Sementara itu, perwakilan Mahupiki dari Universitas Trunojoyo Madura, Deni Setya Bagus Yuherawan, menyoroti tidak tercantumnya Otoritas Jasa Keuangan (OJK) sebagai penyidik tertentu. Padahal dalam Pasal 16 ayat (1), OJK disebutkan, namun tidak muncul di Pasal 7 ayat (5) dan Pasal 90 ayat (4).
“Ini menciptakan ketidakkonsistenan. Penyidik dari OJK seharusnya juga diakomodasi sebagaimana KPK, kejaksaan, dan TNI AL,” kata Deni.
Kritik juga datang dari Badan Eksekutif Mahasiswa (BEM) Universitas Negeri Semarang (Unes) yang mengikuti RDPU secara daring. Mereka menilai RUU KUHAP masih memuat pasal-pasal yang bertentangan dengan prinsip hak asasi manusia dan keadilan sosial.
Salah satu sorotan utama adalah Pasal 1 angka (13) terkait upaya paksa dan tindakan aparat penegak hukum.

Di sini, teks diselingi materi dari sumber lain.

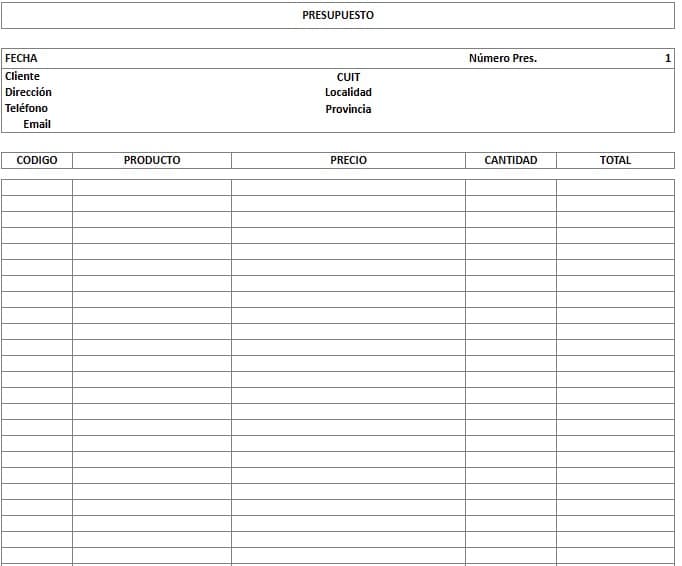 plantilla stock control cobros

Pasal tersebut memberi ruang bagi penetapan tersangka, penangkapan, penahanan, penggeledahan, penyitaan, hingga penyadapan, dengan dasar ketentuan undang-undang, tanpa pembatasan jenis kejahatan.
“Penyadapan seharusnya dibatasi hanya untuk kejahatan serius. Jika tidak, ini bisa menjadi alat pelanggaran hak privasi, apalagi jika dilakukan tanpa pengawasan ketat dari lembaga peradilan,” ujar perwakilan BEM Unes.